この中の八咫の鏡であるが,現在,これは,三種の神器として扱われているものであり,八咫の鏡は,天照大神の岩戸隠れの時に造られた ことになっている。また,天照鏡作坐神社(祭神天火明=饒速日尊)の伝承や「古語拾遺」によれば,「崇神天皇六年,この神社の地で,日像 之鏡として二枚作られ,一枚目は紀伊国日前神社に二枚目が伊勢神宮に納められた。」とある。この二枚目の鏡が八咫の鏡である。そして, 内区だけの三角縁神獣鏡が神宝として保存されている。日前神社の祭神は国懸大神であるが,「女王アマテラス」によると,この神は素盞嗚尊である。

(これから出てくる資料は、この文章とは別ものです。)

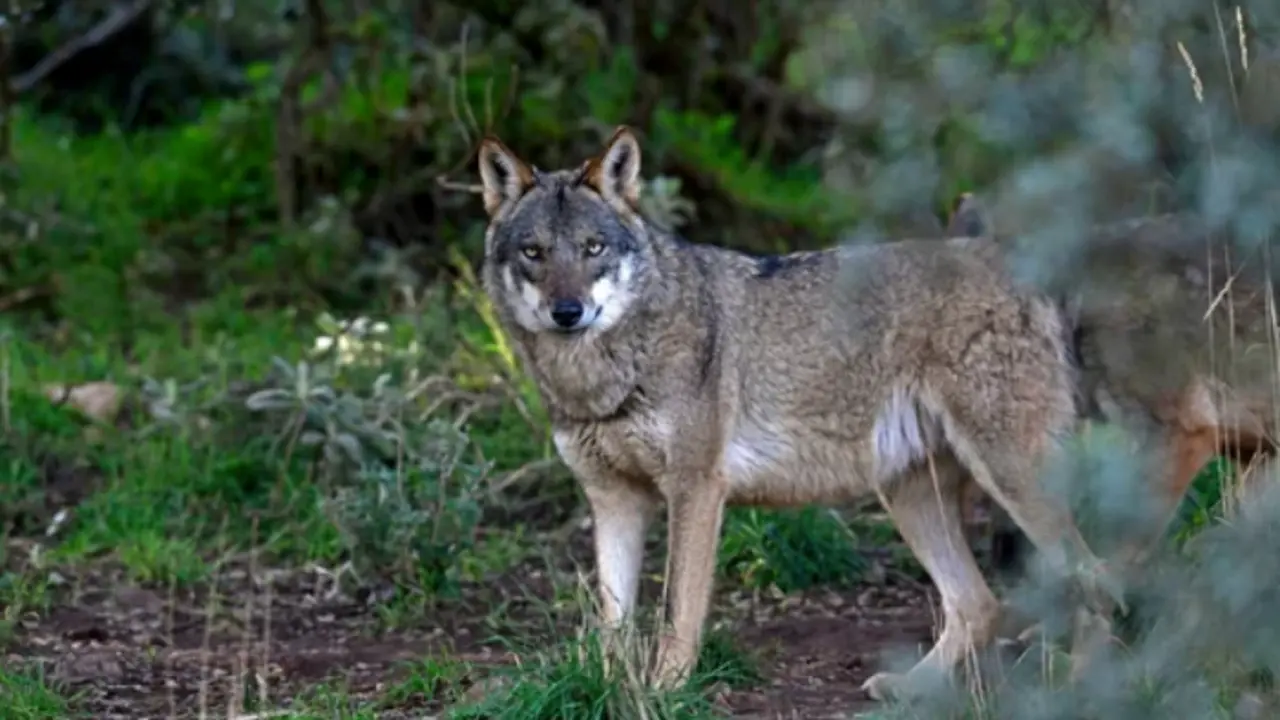 Lobo ib&eacute;rico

神話によると,八咫の鏡は天の岩戸事件の時に作られたことになっているが,八咫の鏡は三世紀の大和で崇神 6年(247年)に作られていることになる。実際,一世紀では,鏡を作る技術も未熟であり,国産の八咫の鏡を作る技術はなかった と考えられる。そして,八咫の鏡は三角縁神獣鏡と思われ,天の岩戸神話も三世紀の大和で起こった出来事が元になっ ているということになる。
日食との関係
岩戸隠れをある女王の死で,岩戸開きを次の女王の誕生と考えれば,魏志倭人伝の卑弥呼の死と次の台与の登場に似ているが卑弥呼の死は崇神10年(249年)なので年代が少しあわない。そこで,この事件と日食とを繋ぐ説を検討してみることにする。

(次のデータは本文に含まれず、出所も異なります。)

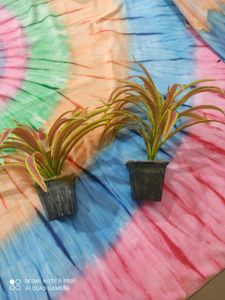 2 Flower Pots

このころの日食は天文ソフトによる計算では247年3月24日18時27分頃と次の248年9月5日6時3分頃に日本列島で皆既日食が起こっているという結果が出た。しかし、天文ソフトに地球の自転周期の遅れは入っていない。地球の自転周期は毎年 少しずつ長くなっている。そのため、2・3年に1回ほどうるう秒を入れているのである。この変化は時間に対して一定ではないので詳しく 計算はできないはずである。一定であるとして計算した値よりもずれていると推定されている。自転周期の遅れを 考慮しなければならない。
247年の日食は,3月24日18時27分で実質19時ごろと考えられ、これは日没直後(福岡で18:34、奈良で18:09 日没)になる。248年9月5日6時3分頃で実質6時30分ごろ(福岡で5:56奈良で5:32 日の出)ということになる。
皆既日食のコースは248年が東北地方を通過するようで、大和も福岡も皆既日食ではないようである。247年の日食は近畿地方から北九州地方を通過する日食である。皆既日食は247年の日食のようである。次のHPのP23に日食の計算結果が示されている。
自転周期のずれ⊿T=9700秒のとき、まさに大和で皆既の状態で日没となる皆既日食が起こっていることになる。実際、朝廷が八咫の鏡を作らせたのが崇神6年(247年1月~6月)であり、また、天照大神が岩戸隠れをしたときに八咫の鏡を作っている。この二つの記事を繋ぎあわせると天照大神の岩戸隠れは 247年(崇神6年)となる。日食の起こった年と推定年代が見事ぴったりと一致している。当時日食は人々にとって相当ショックなものであったようである。さらに加えて日本書紀によると、このころ疫病が流行るなどして人々が苦しんでいるときだっただけに人々の恐れは極地に達し ていたと予想される。そのために八咫の鏡を作ったのかもしれない。そして、その2年後に卑弥呼(倭迹迹日百襲姫)が没している。
日没時の皆既日食は次の日の太陽を見るまでは暗闇である。半日間恐怖が続くので、3月24日の夜は、天の岩戸神話に会ったような長鳴鳥を泣かせたり、アメウズメが踊ったりということが起こりそうである。